:: Dataset extract ::

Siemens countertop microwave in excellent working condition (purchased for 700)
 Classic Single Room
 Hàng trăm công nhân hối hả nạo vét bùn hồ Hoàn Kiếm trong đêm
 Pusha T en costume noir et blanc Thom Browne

:::

Task directions ::
Please write out all the data above, exactly as it reads.

Answer section ::
Siemens countertop microwave in excellent working condition (purchased for 700)
 Classic Single Room
 Hàng trăm công nhân hối hả nạo vét bùn hồ Hoàn Kiếm trong đêm
 Pusha T en costume noir et blanc Thom Browne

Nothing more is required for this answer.